After the ultimatum deadline passed on 17 December, Nixon ordered Operation Linebacker II to bring the North back to the bargaining table and more importantly convince Theiu that America wouldn’t abandon his country after the cease fire. Unlike previous bombing campaigns, Linebacker II was a “maximum effort” and no targets not covered in Law of Land Warfare were off limits. Linebacker II would not consist of strictly tactical air support, but would unleash B-52’s over Hanoi and Haiphong. Furthermore, Nixon authorized the mining of Haiphong harbor which was the primary entrance point for support by North Vietnam’s primary sponsor, the Soviet Union. By 1972, the “Chinese” faction inside the North Vietnamese Communist Party had been thoroughly discredited by the defeats in 1968 and 1969. And the Sino-Soviet Split was permanent after Nixon’s policy of rapprochement culminating with his visit to China in February 1972. (China and Vietnam would eventually go to war in 1979.)

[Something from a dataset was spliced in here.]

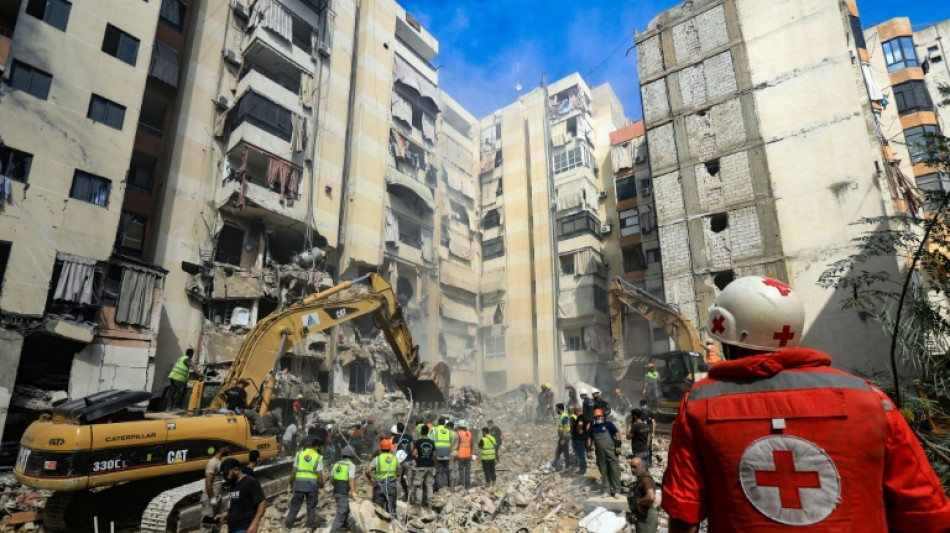 Preocupación y destrucción en el suburbio de Beirut bombardeado por Israel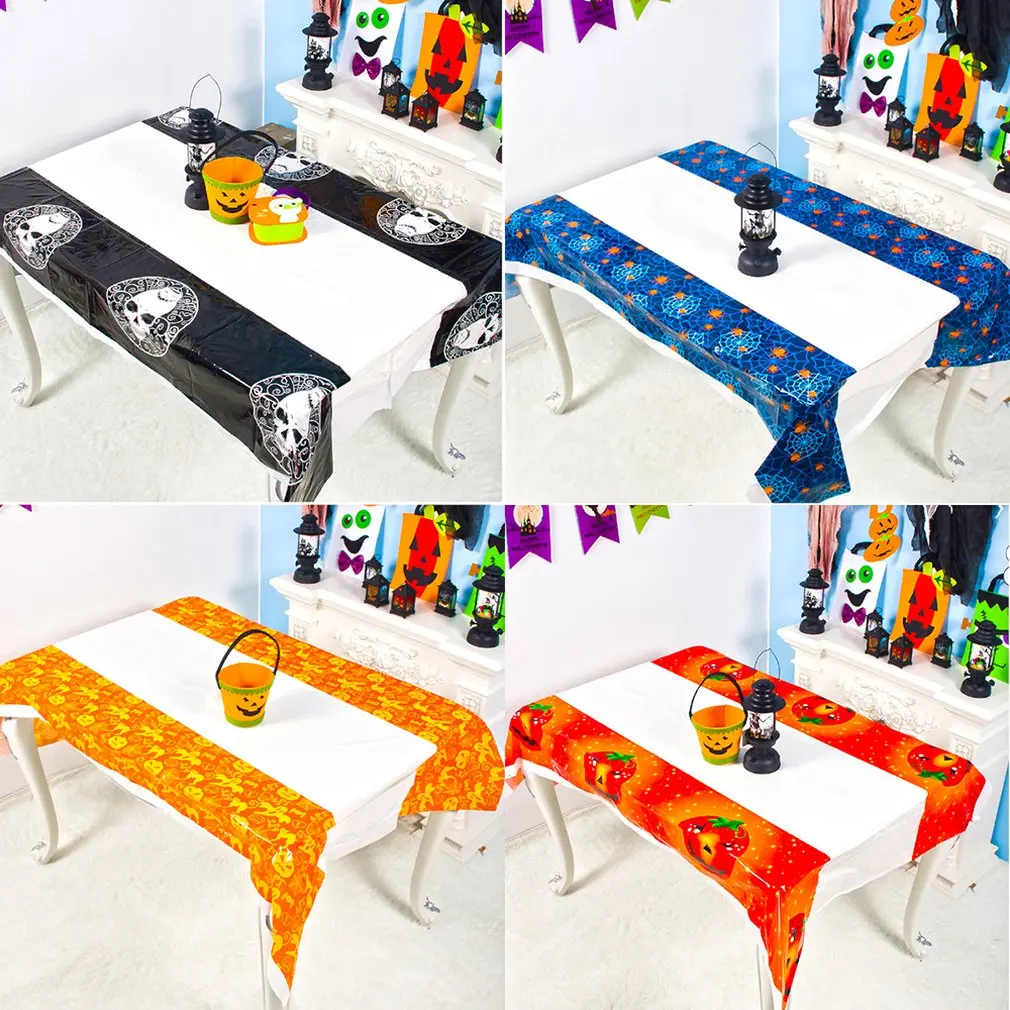 Halloween Props Printed Tablecloth PVC Disposable Party Decoration Children's Birthday Party Props Venue Layout
Halloween Props Printed Tablecloth PVC Disposable Party Decoration Children's Birthday Party Props Venue Layout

Starting the morning of 18 December, Operation Linebacker II pounded targets in North Vietnam. North Vietnamese infrastructure was smashed. But the repetitive and unimaginative nature of the strikes allowed the North Vietnamese to anticipate the third day’s strike and its Soviet-manned air defenses shot down several B-52s and other aircraft. Even worse a poorly placed B-52 strike destroyed a hospital outside Hanoi which galvanized the peace movement in America. Nevertheless, Nixon wasn’t backing down and ordered the US Air Force and Navy to continue strikes across North Vietnam. A-7 Corsair IIs from carriers in Gulf of Tonkin, F-4’s from bases in Thailand, and B-52s from Guam and the Philippines struck airfields, bridges, power plants, air defenses, storage areas, and military bases across the country. The operation was only supposed to last three days, but continued until 30 December. On 29 December, Hanoi asked to resume talks on the 2nd of January. That evening, Nixon ordered air operations against North Vietnam to cease the next day.

The next day, on New Year’s Eve 1972, Gen Giap wrote in his diary, “We have lost the war”.

On 27 January 1973, both North and South Vietnam accepted the original October 1972 draft of the Paris Peace Accords cease fire documents.

It didn’t matter. Though US ground troops were effectively out of the war, both Vietnam governments broke the accords almost immediately and both the US and the Soviet Union continue to supply their respective partners. Despite South Vietnam defeating Communist offensives in 1973 and 1974, the US Congress ceased all aid in 1975, and the well supplied PAVN forces overran the country that spring. Saigon fell on 29 April 1975.